►
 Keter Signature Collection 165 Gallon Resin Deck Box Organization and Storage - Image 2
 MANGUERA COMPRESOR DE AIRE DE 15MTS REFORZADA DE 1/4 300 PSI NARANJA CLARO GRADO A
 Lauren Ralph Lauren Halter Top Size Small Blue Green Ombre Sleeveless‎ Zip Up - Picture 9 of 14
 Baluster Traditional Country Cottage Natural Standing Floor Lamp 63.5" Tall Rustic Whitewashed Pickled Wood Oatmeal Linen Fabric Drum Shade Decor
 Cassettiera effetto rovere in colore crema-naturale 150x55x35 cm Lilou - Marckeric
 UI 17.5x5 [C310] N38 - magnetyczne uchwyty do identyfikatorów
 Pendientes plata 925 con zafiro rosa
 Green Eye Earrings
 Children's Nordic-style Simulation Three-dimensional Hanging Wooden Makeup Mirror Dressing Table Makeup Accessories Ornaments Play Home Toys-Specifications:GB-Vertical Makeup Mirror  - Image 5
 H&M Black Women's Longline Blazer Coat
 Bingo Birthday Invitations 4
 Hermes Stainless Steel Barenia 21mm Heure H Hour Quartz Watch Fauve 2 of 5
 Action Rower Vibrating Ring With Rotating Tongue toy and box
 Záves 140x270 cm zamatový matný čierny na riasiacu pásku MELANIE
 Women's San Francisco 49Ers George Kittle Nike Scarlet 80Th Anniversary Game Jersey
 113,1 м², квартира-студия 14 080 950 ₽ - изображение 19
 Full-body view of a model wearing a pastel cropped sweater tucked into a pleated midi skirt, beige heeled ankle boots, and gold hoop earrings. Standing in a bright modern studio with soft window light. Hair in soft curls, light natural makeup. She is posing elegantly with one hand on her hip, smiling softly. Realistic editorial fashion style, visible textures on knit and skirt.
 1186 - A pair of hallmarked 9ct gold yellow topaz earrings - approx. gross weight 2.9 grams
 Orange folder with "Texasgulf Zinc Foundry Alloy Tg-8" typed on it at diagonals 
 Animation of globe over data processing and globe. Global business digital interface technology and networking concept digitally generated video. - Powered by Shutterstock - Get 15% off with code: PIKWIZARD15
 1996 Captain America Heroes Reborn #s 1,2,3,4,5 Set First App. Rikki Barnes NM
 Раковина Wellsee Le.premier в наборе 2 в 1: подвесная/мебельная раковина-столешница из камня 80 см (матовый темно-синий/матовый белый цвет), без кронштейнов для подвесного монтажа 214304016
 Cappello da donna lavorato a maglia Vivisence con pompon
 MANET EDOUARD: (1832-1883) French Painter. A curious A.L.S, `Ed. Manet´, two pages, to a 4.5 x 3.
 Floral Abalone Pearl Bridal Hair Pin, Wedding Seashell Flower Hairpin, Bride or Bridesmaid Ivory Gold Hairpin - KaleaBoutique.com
◄
* **Exercise brief**:
Lines of the listing above that hold the string "Image" should each be copied.

* **Solution for this task**:
 Keter Signature Collection 165 Gallon Resin Deck Box Organization and Storage - Image 2
 Children's Nordic-style Simulation Three-dimensional Hanging Wooden Makeup Mirror Dressing Table Makeup Accessories Ornaments Play Home Toys-Specifications:GB-Vertical Makeup Mirror  - Image 5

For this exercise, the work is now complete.